In the old days, a disappointing monthly jobs report like the one we got Friday morning would have given investors pause. This time, they didn’t even blink.
In December the U.S. economy added only 148,000 jobs, a big drop from November’s 228,000. Unemployment stayed at 4.1% and wage growth remained a tepid 2.5% annually.
Maybe that led savvy investors to conclude that the Federal Reserve under new chairman Jerome (Jay) Powell would stick to its roadmap of only three increases in the federal funds rate this year.
Or maybe they didn’t care and just kept buying.
On Friday the S&P 500 index closed—yawn—at yet another all-time record high above 2,700, while the Dow Jones Industrial Average finished above the magic 25,000 threshold again while the Nasdaq Composite index easily topped lucky 7,000 once more. The increase of 2% since trading resumed Tuesday was the best weekly gain in a year.
Is this for real or did investors imbibe too much bubbly on New Year’s Eve?
Well, it’s at least partly grounded in reality.
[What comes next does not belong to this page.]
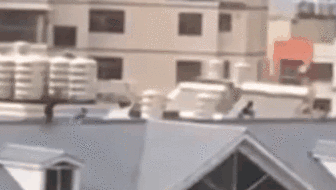 樓頂上的危險：心驚膽戰(zhàn) 兒童高樓樓頂玩&ldquo;空中飛人&rdquo;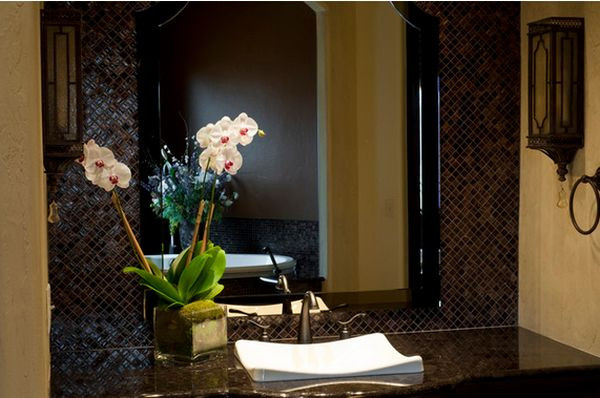 Đặt hoa lan trên các bồn rửa tay để tăng thêm sự tươi mới cho phòng tắm trong ngôi nhà bạn.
About two million new jobs were created in the U.S. in 2017, roughly in line with the pace of the last couple of years. GDP growth has topped 3% over the last two quarters and global GDP is growing in sync for the first time in years. The huge corporate tax cuts signed into law before Christmas will boost publicly traded companies’ profits by a lot, and higher earnings usually mean higher share prices.
But you can’t ignore those animal spirits.
The Wells Fargo/Gallup Investor and Retirement Optimism index (which I consider the most accurate gauge of broad individual investor sentiment) just recorded its highest reading since 2000. The better known AAII (American Association of Individual Investors) investor sentiment survey, which covers a narrower universe of active investors and stock pickers, notched 60% bullish sentiment in its January 3rd poll, the most bullish result in seven years.
Institutional sentiment indexes tracked by Barron’s also are at bullish peaks, and for the first time in years Citigroup’s Panic/Euphoria Model has crossed into euphoric territory.
And speaking of euphoria, the famed market analyst Jeremy Grantham recently penned a research piece that said we’re probably at the beginning of a melt-up, which, he wrote, could last another year and a half and take stocks much higher.
Growing earnings and global economies, the Fed remaining on a cautious track, and strongly bullish institutional and individual investors—what’s not to like? Only a sudden, unlikely burst of inflation and a somewhat more likely geopolitical crisis can stop this runaway train, which looks like it’s a long way from crashing.